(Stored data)
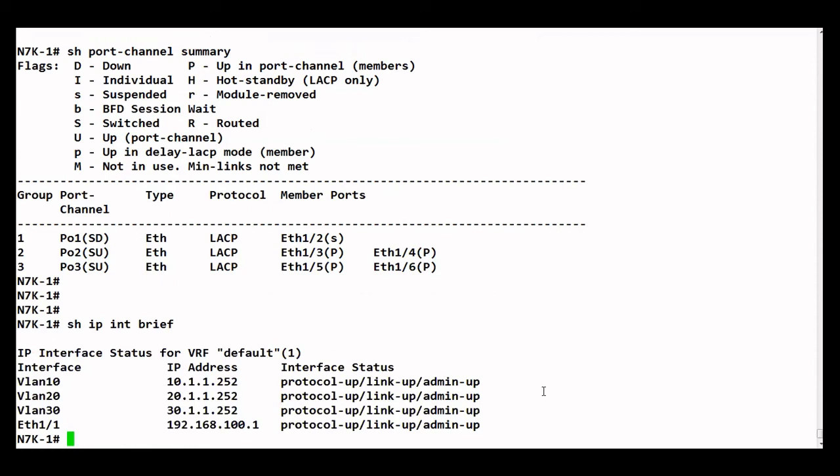We did not remove anything — the VPC configuration is still there. Thanks to the VPC auto recovery feature, once both devices went down and only one comes back, all the member ports and SVIs related to the VPC VLAN are brought up automatically. These were our two cases — without and with the auto recovery feature.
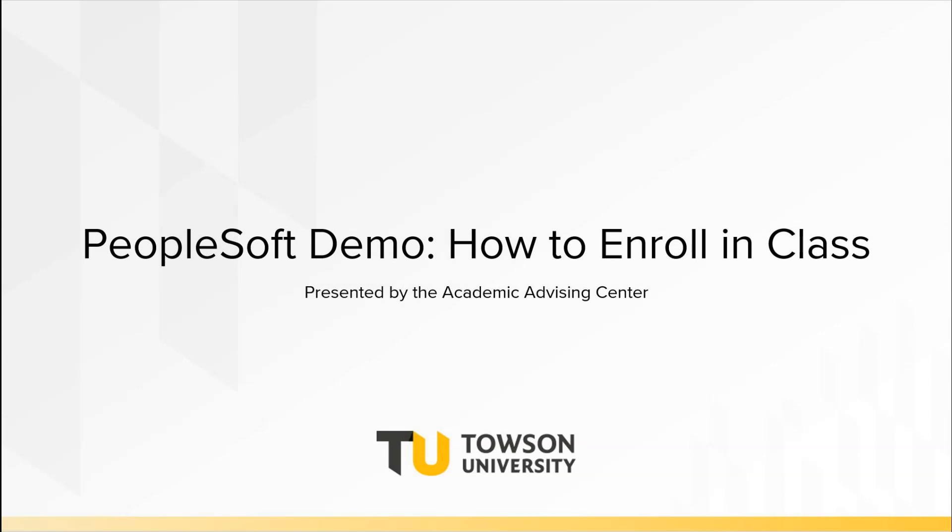This short video will show you how to navigate through Towson's online registration software called PeopleSoft. PeopleSoft is the online system that houses your entire student account. Everything from academics, finances, personal information, and even registration can be found here.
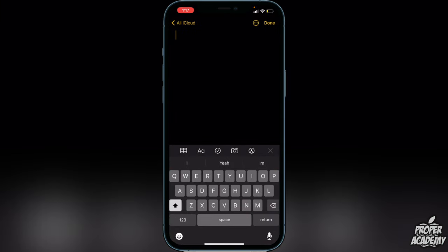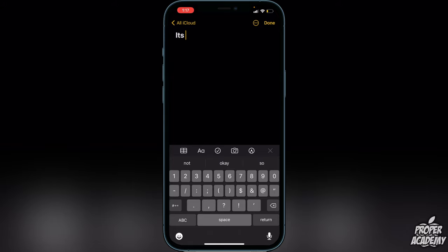Once you're in Notes, all you have to do is type whatever you want to type. So I'll say like it's 35, and then for degrees, all you have to do is long press on the zero key.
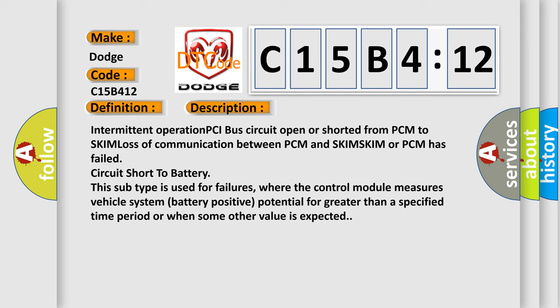Intermittent operation PCI bus circuit open or shorted from PCM to SKIM, loss of communication between PCM and SKIM. SKIM or PCM has failed, circuit short to battery. This subtype is used for failures where the control module measures vehicle system battery positive potential for greater than a specified time period or when some other value is expected.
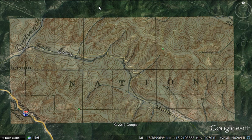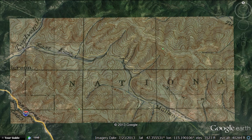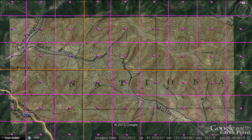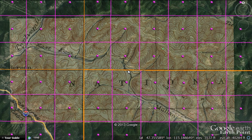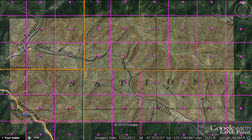This is an overlay of the 1918 USGS topographical map on Google Earth. You can see the section and township lines overlaid here — here's a township line in yellow, and section lines are lighter and hidden under the purple.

(Task directions)
The entries above need to be output again in full, exactly, and without pictures.

(Task result)
We did not remove anything — the VPC configuration is still there. Thanks to the VPC auto recovery feature, once both devices went down and only one comes back, all the member ports and SVIs related to the VPC VLAN are brought up automatically. These were our two cases — without and with the auto recovery feature.
This short video will show you how to navigate through Towson's online registration software called PeopleSoft. PeopleSoft is the online system that houses your entire student account. Everything from academics, finances, personal information, and even registration can be found here.
Once you're in Notes, all you have to do is type whatever you want to type. So I'll say like it's 35, and then for degrees, all you have to do is long press on the zero key.
Intermittent operation PCI bus circuit open or shorted from PCM to SKIM, loss of communication between PCM and SKIM. SKIM or PCM has failed, circuit short to battery. This subtype is used for failures where the control module measures vehicle system battery positive potential for greater than a specified time period or when some other value is expected.
This is an overlay of the 1918 USGS topographical map on Google Earth. You can see the section and township lines overlaid here — here's a township line in yellow, and section lines are lighter and hidden under the purple.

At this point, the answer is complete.